Electric power consumers in (the ERCOT portion of) Texas have many choices when it comes to the electric power retailer they wish to enroll with, and typically each retailer offers a handful of different plans.  Historically speaking, this is a crazy cornucopia of consumer choice not seen anywhere else in the world. Or, seen from another point of view, a lot of data for economists interested in retail electric power not available anywhere else. This post dissects a few bits of that data and offers a preliminary conclusion.

One choice available to many Texas power consumers, but rare elsewhere, is between rates that are variable from month-to-month and rates that are fixed for a longer term.  Typical terms for fixed rate offers are six months and one year, but terms as long as five years are offered.

The primary difference between a variable rate and a fixed rate is whether the customer or the retailer is exposed to the risk of adverse price movements.  A little simple economics leads one to expect that if the retailer is to take on the risk of adverse price movements, the customer will have to pay the retailer to take on the risk. So we’d expect that fixed rate contracts would tend to be higher than variable rate contracts.

And that is just what we see in the offers listed at www.powertochoose.com, the State’s online list (just comparing average offered fixed rate deals to average offered variable rate deals).
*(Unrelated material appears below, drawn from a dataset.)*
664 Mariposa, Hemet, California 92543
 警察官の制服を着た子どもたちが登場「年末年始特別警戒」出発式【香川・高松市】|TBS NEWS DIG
For example, in the Houston area the average rate for fixed price offers was 14.04 cents/kwh and the average rate for variable price offers was 13.60.  In Dallas, fixed price offers averaged 13.35 cents/kwh and variable price offers averaged 13.03.

But elsewhere in north Texas, specifically the AEP North Texas distribution service territory, the average rate for fixed price offers was 12.7 cents/kwh and the average rate for variable prices offers was 12.8 cents/kwh. So, apparently in parts of north Texas, electric retailers in effect are willing to pay consumers a little bit in exchange for taking on price risk.

Crazy, right?

Well, not exactly.  A fixed rate offer transfers the exposure to both adverse and beneficial price movements.  If a retailer expects prices to fall (relative to the current market expectations), then it would want to encourage customers to lock in at current rates; if the risk of a price movement down is larger than the risk of a price movement up, and retailers are less risk-averse than individual consumers, then retailers would be willing to pay consumers to take on the risk.

And why might retailers in certain parts of north Texas expect prices to fall? Might it be access to large quantities of wind power that sometimes can’t reach Dallas or Houston due to transmission limits – sometimes such large amounts of wind that prices in the ERCOT west region go negative?

I think so.

Admittedly, simple averages of offered fixed and variable rates provide only the coarsest of indicators of what is going on. Maybe more sophisticated analysis makes the anomaly disappear. But at first glance, it looks like another market indicator of the temporary excess supply of subsidized wind power in west Texas.